Valve Train Dynamics

The steadily increasing requirements of government and customers concerning the efficiency and environmental friendliness of combustion engines, requires a more and more sophisticated control of the combustion process.
Active controllable valve trains provide comprehensive means of adjustment on the combustion process, but at an increasingly complex mechanical and control design.

To describe the dynamical behaviour of modern valve trains in an accurate way, the interaction between the different physical domains, i.e. mechanics, hydraulics and control electronics, have to be integrated in one consistent mathematical model.
Methods of non-smooth mechanics are applied to enable a highly efficient model of the system. Contacts and friction are described by set-valued laws and can be solved by methods of the convex analysis.
Thus, the necessity of difficult structure modification of the differential equation and the unintentional generation of high eigenfrequencies in the system, causing stiff differential equations, can be avoided. Therefore the numerical solution of this modelling approach facilitates the computation and is less costly.
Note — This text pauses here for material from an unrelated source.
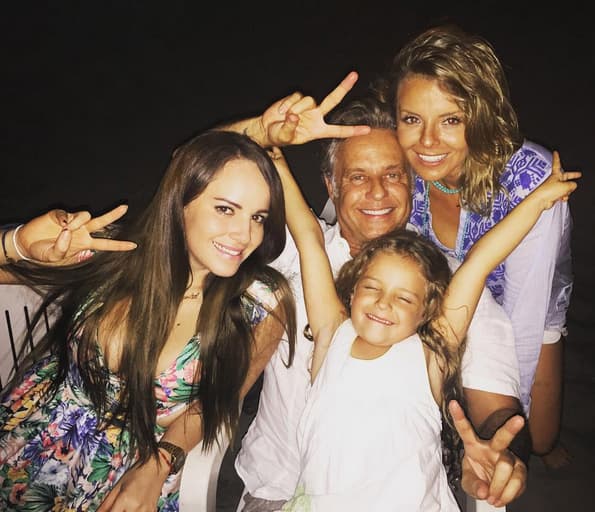 Alexis Ayala también lo pasó rodeado del amor de su familia.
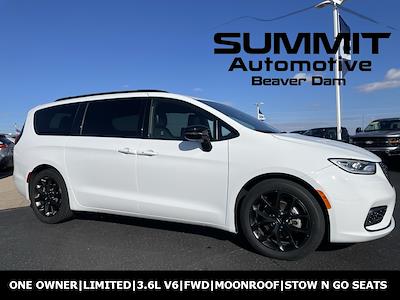 2025 Chrysler Pacifica FWD Minivan for sale #3871X - photo 1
These methods can also be assigned to general differential equations and provide a multitude of means for the simulation of hydraulics and control systems. Thus, e.g. hydraulic models like closing valves or cavitation without fluid elasticity can be described without the generation of irrelevant high eigenfrequencies or structural modification.

Additionally, extensive test rigs are designed and operated at the Institute of Applied Mechanics, which allow a verification of the applied simulation methods and models and an implementation and evaluation of control strategies under real operation conditions. The research of valve train dynamics at the Institute of Applied Mechanics is conducted in close cooperation with various partners in the automotive industries.